Half the year, I am an hour early, the other half, an hour late...

Reply to
solarman

Reply to
Wayne Weber

Are you serious, about the government saving money by not lighting their offices? I can't remember the last time I saw lights turned off in any reasonably sized office, govern-mental or not, while people are working in them. Even in the summer, middle of the afternoon...

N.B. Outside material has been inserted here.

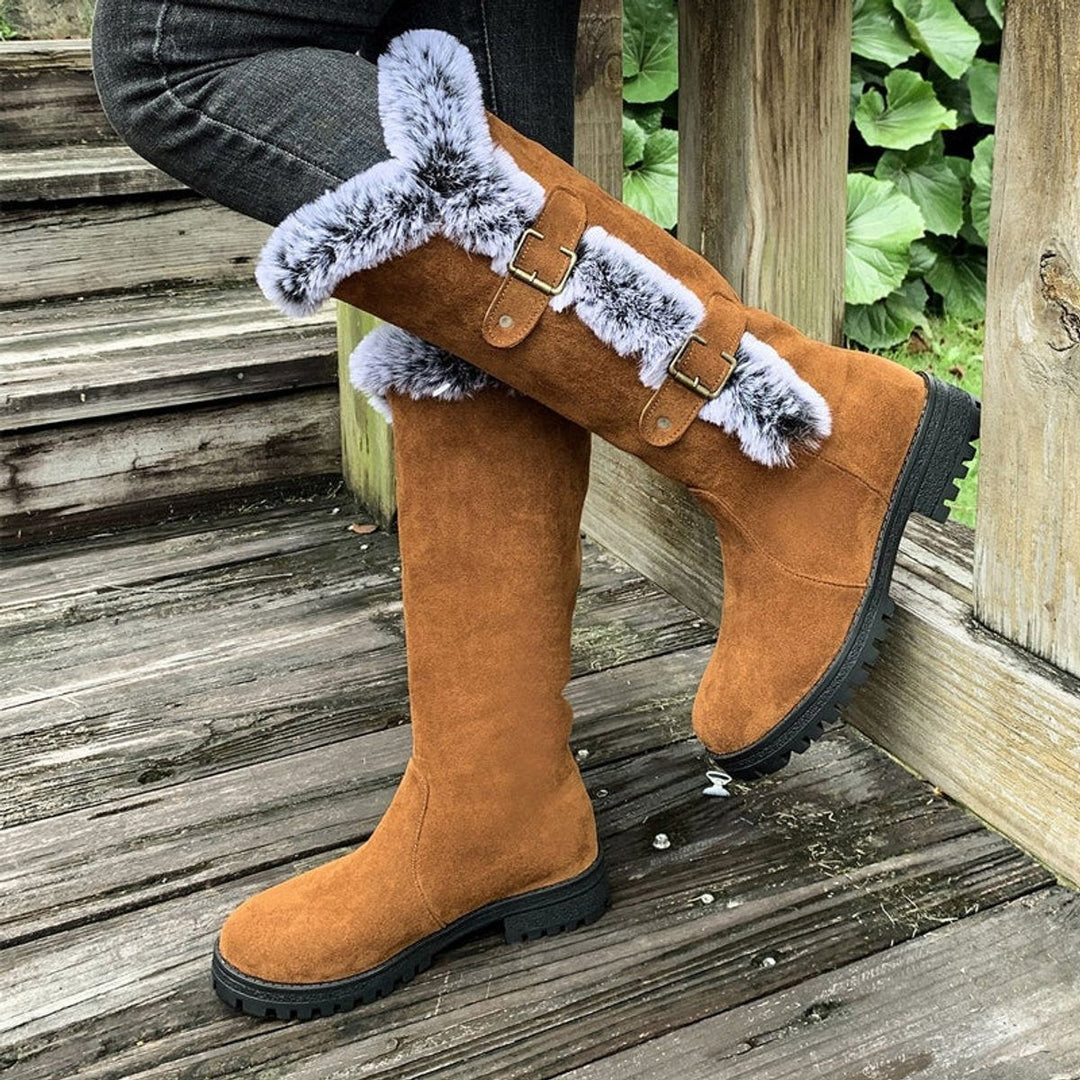 Cognacfarbene Stiefel mit Fellabschluss und doppelten Schnallen seitlich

Course, I'm up here in Canada, so maybe we do things differently north of the border. And of course, up here, by the time December rolls around it's dark before we get into the office and it's dark when we leave. So switching to DLST accomplishes not much, as far as I can tell. And I don't mind switching clocks so much as trying to get the kids to adjust.

Clint

Reply to
Clint Neufeld

That's because effectively, we're already on Daylight time, all the time, and most of us don't discern any benefit from changing things. Astronomically speaking, Indiana belongs in the Central time zone, not the Eastern, thus being on permanent EST is functionally equivalent to having DST year-round anyway. Our clocks are nearly an hour ahead of the sun as it is; if we were on EDT in the summer, they'd be almost two hours out of sync.

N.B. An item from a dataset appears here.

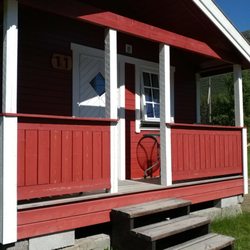 Dovreskogen Camping - Cabin we stayed in (small porch has 3 chairs and a table).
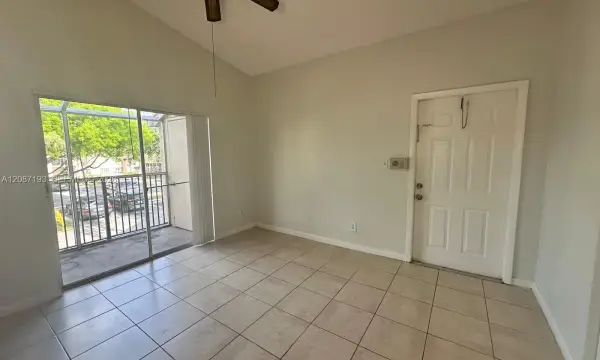 631 Cypress Lake Boulevard H17, Deerfield Beach, FL 33064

Only two options make any sense: go back to the Central time zone (where we used to be) and go on CDT with the rest of the Central zone (as we used to), or keep the status quo.

Me, I like not having to change the clocks twice a year.

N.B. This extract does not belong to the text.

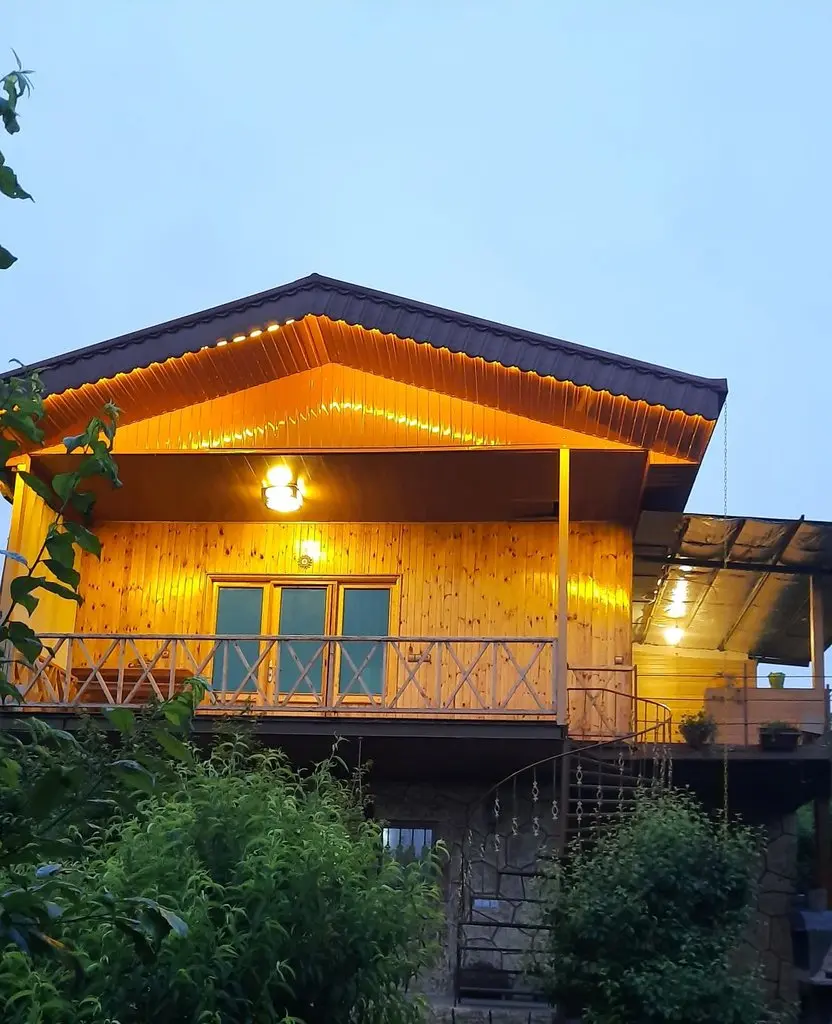 کلبه یک خوابه کلبه چوبی جکوزی دار بابا رجب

You have no idea what you're talking about.

-- Regards, Doug Miller (alphageek-at-milmac-dot-com)

Reply to
Doug Miller

Somehow, I've been able to deal with it. Go figure.

-JBB

Reply to
J.B. Bobbitt

Yeah, I did too, when I lived in Illinois and Michigan. It's really not as big a deal as many of my fellow Hoosiers seem to think -- but it's a pain in the keister just the same, and you won't realize how big a nuisance it is, until you move to a state where you don't have to do it any more.

Beyond the nuisance factor, though, I wonder how much productivity is lost every year due to the semiannual time changes. Not just in the time spent changing clocks, either. I wonder about productivity lost due to people being late for work or missing a meeting because someone forgot to change a wristwatch or alarm clock. I wonder about mistakes made on the job by people who were shorted an hour of sleep in the spring, or the accidents they have driving to and from work.

Now here in Indiana, we don't have to worry about any of that stuff. Those who deride us as "old fashioned" misunderstand completely: by being one time zone ahead of our "natural" position, we're effectively on Daylight Saving Time all year -- placing us in the forefront of innovative time management. Together with Arizona and Hawaii, we are leading the nation into the 21st century. Join us! Call or write your elected representatives now! ;-)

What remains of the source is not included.